Supporting a More Informed Public Conversation
DSG’s journalist capacity building initiative is designed to support more informed coverage of SRM. Through science-grounded briefings, expert engagement, and open discussion of uncertainties and governance challenges, the initiative will help journalists navigate the field, elevate diverse perspectives, and strengthen public understanding of the choices ahead.
As interest in solar geoengineering grows, so does the need for clear, accurate reporting. These technologies are complex and often misunderstood, and public debate can quickly become shaped by misinformation, hype, or incomplete context. Journalists play a critical role in helping the public, policymakers, and civil society understand not only the science of SRM, but also the governance, ethical, and political questions surrounding research and potential deployment.

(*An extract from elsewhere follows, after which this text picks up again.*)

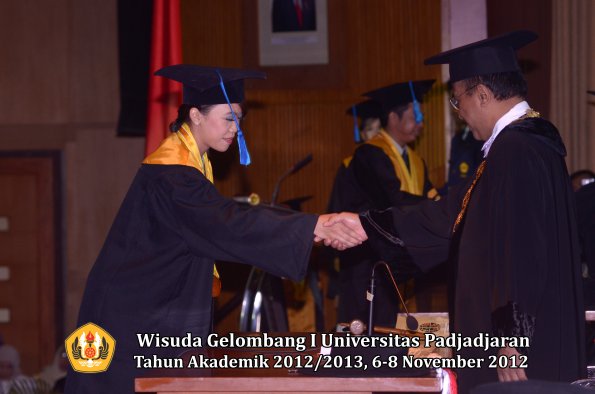wisuda-unpad-gel-i-ta-2012_2013-fakultas-ilmu-keperawatan-oleh-rektor-107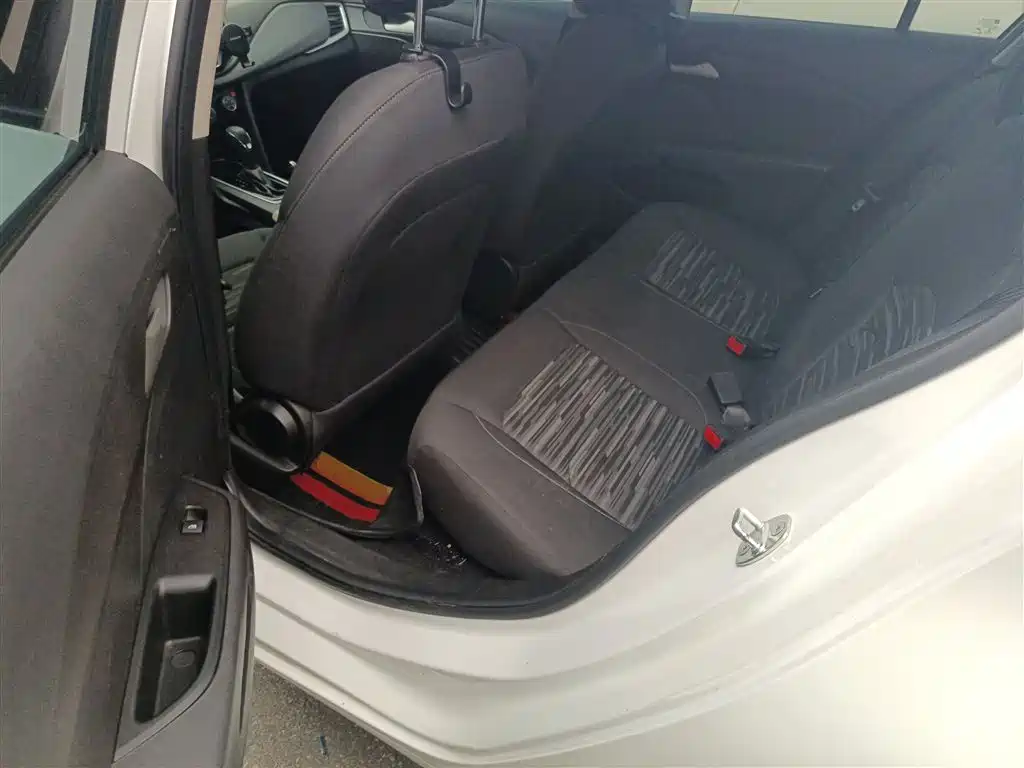 Chevrolet Cavalier 2016 1.5L Automatic Enjoyment Edition фото 17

Yet few reporters have access to the resources, training, or networks needed to cover these issues confidently and in context.

Program Objectives
Equip journalists across different regions with foundational knowledge on SRM science, ethics, and governance
Support accurate, diverse reporting across local, regional, and national outlets
Counter misinformation and improve the quality of public discourse
Foster connections between journalists, scientists, policymakers, and civil society
Program Overview
The initiative focuses on practical support that fits newsroom realities. Core activities will include:
- Virtual briefings introducing SRM fundamentals, governance questions, and key risk considerations, followed by open discussion
- Deep-dive sessions for reporters covering climate policy, science, and emerging technologies
- A concise reporter’s guide outlining core terminology, known uncertainties, governance gaps, common framing pitfalls, and key questions to ask researchers, policymakers, and private actors
- Connections to vetted experts across science, governance, and climate-vulnerable communities to support timely reporting

The program does not promote a position for or against SRM. Its goal is to equip journalists to interrogate claims, contextualize uncertainty, and examine the power, oversight, and accountability dynamics shaping the field.
As interest in SRM grows, the quality of media coverage will influence how policymakers and the public understand the issue. Strengthening journalist capacity now can help ensure that debate reflects the complexity of the topic rather than polarization.